How often do you water? Do you have sprinklers? Any rain lately?


----------



## Suaverc118 (Jul 28, 2017)

I will dig up an area. Whatever I have sprayed the lawn with, more little mounds would pop up.
As far as water, this past few months I didn't water, just let the rain do the work. 
It's annoying as hell and don't know why this would happen.


----------



## Suaverc118 (Jul 28, 2017)

Found these. How do I get rid of them? I have Bifen XTS & Talstar. The dirt pic shows how soft it is. Just crumbles like it's nothing


----------



## McDiddles (Feb 24, 2020)

Is this not an earthworm? They will burrow and cause small mounds of dirt at the soil surface. Especially after rain. Other things I know that cause mounds of dirt are ground bees (cicada killers), and mole crickets. Don't think those are your problem though.

Are you having areas of dead grass? Seems really early for it, and not sure what the timeline for grub activity is in Texas, but I have see heavy infestation of white grubs make the soil as you've described.


----------



## Suaverc118 (Jul 28, 2017)

McDiddles said:


> Is this not an earthworm? They will burrow and cause small mounds of dirt at the soil surface. Especially after rain. Other things I know that cause mounds of dirt are ground bees (cicada killers), and mole crickets. Don't think those are your problem though.
> 
> Are you having areas of dead grass? Seems really early for it, and not sure what the timeline for grub activity is in Texas, but I have see heavy infestation of white grubs make the soil as you've described.


I guess they are baby earthworms. But I have probably several hundred to 1000 mounds of them at one time. This one picture is in about a 12"X12" area. These worms are effecting about half of my front and side lawns.


----------



## FlowRider (Apr 7, 2019)

Yeah, I thought that looked like earthworm trails and castings. I would be quite happy to see this!

Congratulations! It is a sign your soil is actually healthy and the earthworms are helping your lawn.

People should always be pleased to see earthworms in their lawns and gardens, and want them....

The suggested approach is to just rake in the castings, which will improve your soil matrix quality.

It also suggests once you start regulate your irrigation, the worms will go deeper into your soil.

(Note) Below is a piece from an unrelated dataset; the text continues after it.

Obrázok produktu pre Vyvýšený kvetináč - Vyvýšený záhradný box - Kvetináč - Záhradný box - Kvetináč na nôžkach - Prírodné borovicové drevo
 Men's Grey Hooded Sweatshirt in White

Here is an article that discusses this in terms of the signs of early Spring. It is worth reading....

https://ugaurbanag.com/earthworms-in-lawns/


----------



## Redtwin (Feb 9, 2019)

Some people pay good money for earthworm castings. You're lucky to have attractive soil to them.


----------



## Buffalolawny (Nov 24, 2018)

Worms are good for the lawn. Shows signs of some healthy microbes.
Worms come to the surface for some reason when the soil is too wet or not drying out during the day.


----------



## LoCutt (Jul 29, 2019)

Sounds like a drainage problem to me.

You can have a great layer of topsoil over an impermeable layer, and the appropriate level of rain/irrigation will cause tracking (and other) problems in the soil. I suggest digging a hole several (say a foot or 28cm) and seeing what the soil looks like there. Use a post hole digger.


----------



## Suaverc118 (Jul 28, 2017)

LoCutt said:


> Sounds like a drainage problem to me.
> 
> You can have a great layer of topsoil over an impermeable layer, and the appropriate level of rain/irrigation will cause tracking (and other) problems in the soil. I suggest digging a hole several (say a foot or 28cm) and seeing what the soil looks like there. Use a post hole digger.


Thanks, I'll try this as well. But I did dig about 2" and the soil was soft. I'll go deeper


----------



## Suaverc118 (Jul 28, 2017)

Thanks fellas in regards to the worms being healthy for the lawn. I think I'm the oy one in my subdivision that has this "problem". Haha
But I will take in some of the dirt


----------